Information shown
+ + + + +

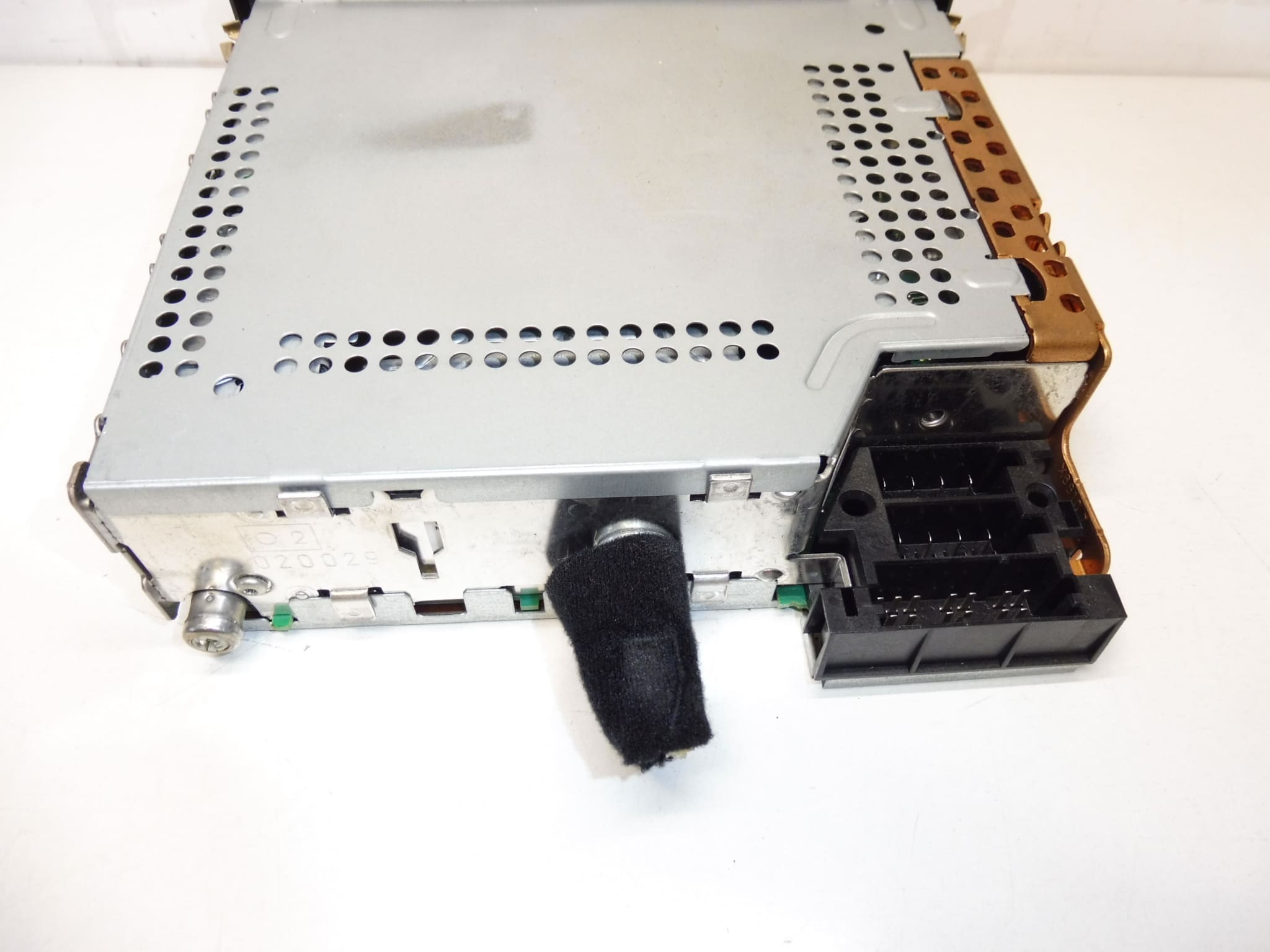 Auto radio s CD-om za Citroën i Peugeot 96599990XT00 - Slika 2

+ + + + +

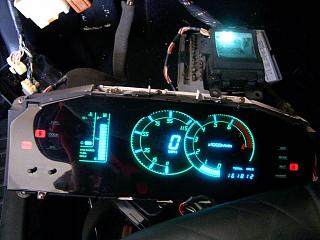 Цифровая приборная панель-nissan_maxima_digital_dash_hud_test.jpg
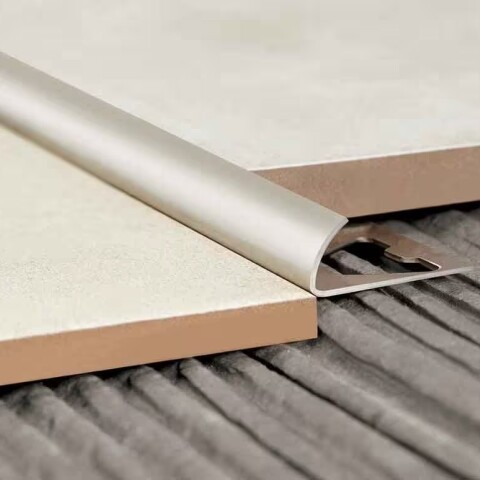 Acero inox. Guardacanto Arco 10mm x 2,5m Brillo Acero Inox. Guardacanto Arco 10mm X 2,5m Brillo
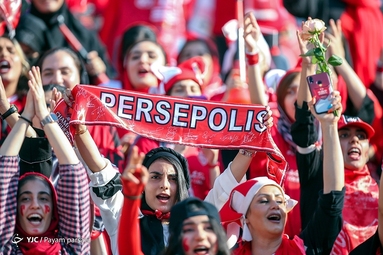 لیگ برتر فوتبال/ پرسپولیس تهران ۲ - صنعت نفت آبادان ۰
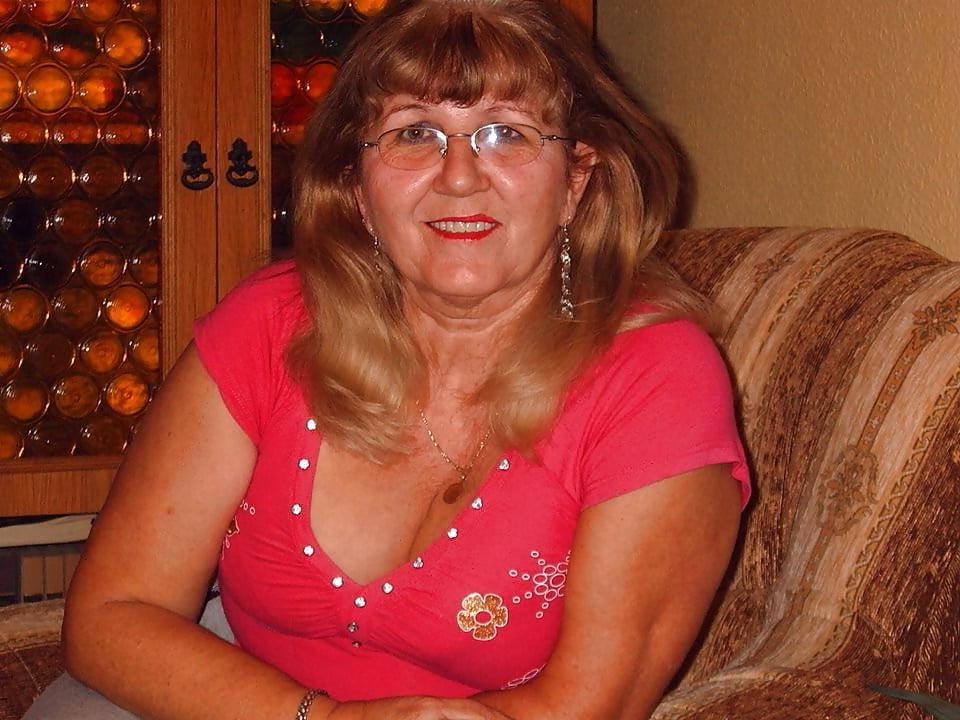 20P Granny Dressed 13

+ + + + +

In the data above, find the line containing "لیگ برتر فوتبال/" and the line containing "20P Granny Dressed 13". Copy exactly the stretch from the first through the second, both included, leaving out any picture.

 لیگ برتر فوتبال/ پرسپولیس تهران ۲ - صنعت نفت آبادان ۰
 20P Granny Dressed 13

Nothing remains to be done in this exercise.